* _SUPPLIED MATERIAL_:
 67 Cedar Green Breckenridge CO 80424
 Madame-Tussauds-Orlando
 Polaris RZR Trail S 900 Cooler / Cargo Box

* _YOUR GOAL_: Output each line of the data exactly as it stands above.

* _SOLUTION_:
 67 Cedar Green Breckenridge CO 80424
 Madame-Tussauds-Orlando
 Polaris RZR Trail S 900 Cooler / Cargo Box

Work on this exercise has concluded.